Aeonata : do you plan more tutorials ? Thanks again.


----------



## Kralc (Sep 25, 2015)

Nice tutorial Lukas. 



givemenoughrope said:


> I was thinking more like Days of Thunder:



I feel horrible to say I've never given this soundtrack a listen. IT'S MY GODDAMN JAM. 
Seriously feel like I need to find some sunglasses to put on, just to whip off in slow motion.


----------



## Rctec (Sep 25, 2015)

Kralc said:


> Nice tutorial Lukas.
> 
> 
> I feel horrible to say I've never given this soundtrack a listen. IT'S MY GODDAMN JAM.
> Seriously feel like I need to find some sunglasses to put on, just to whip off in slow motion.

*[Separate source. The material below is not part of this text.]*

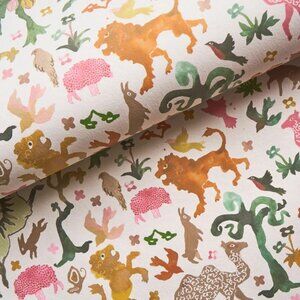 NEW Schumacher Happy Menocal’s Beasts pink gold wallpaper whimsical animals fun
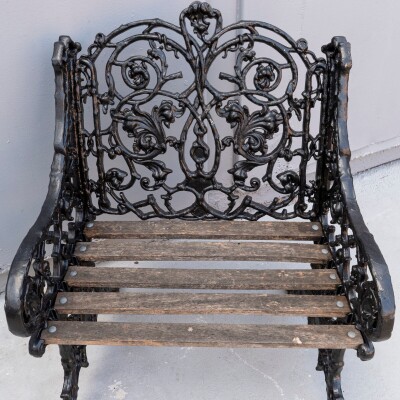 Reclaimed Coalbrookdale Style Garden Throne Chair with Arms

We all have the sins and mistake of our youth haunting us...


----------



## dannymc (Sep 26, 2015)

> We all have the sins and mistake of our youth haunting us...



 its very "the whole kitchen sink" alright, everything is in there, but can definitely hear were some of your later scores such as the score for the rock (still one of my favs) evolved from.


----------



## Aeonata (Sep 26, 2015)

cheul said:


> Aeonata : do you plan more tutorials ? Thanks again.



Yes! I'm very busy at the moment, but it should be possible to write up another tutorial within the next month.


----------



## givemenoughrope (Sep 26, 2015)

Rctec said:


> We all have the sins and mistake of our youth haunting us...



Sins? Mistake!? I can't imagine a Bruckheimer/Scott/Cruise flick about racing from 1990 sounding any different. And if some boutique synth maker released a hw synth that made these sounds TODAY (there are probably half a dozen now) they'd be a hit with more than a niche audience. Not my jam but certainly not sins by any stretch. I was just pointing out that the bridge between a synth arpeggio and string ostinatos...to my ears anyway..


----------



## Uncle Peter (Nov 3, 2015)

'Main Title' would make a great opener for a concert.... thundering toms, screaming guitars, horns could double up/ play the descending synth line. The crowd would go _*wild*_ in anticipation of the build up. It's a great tune \m/


----------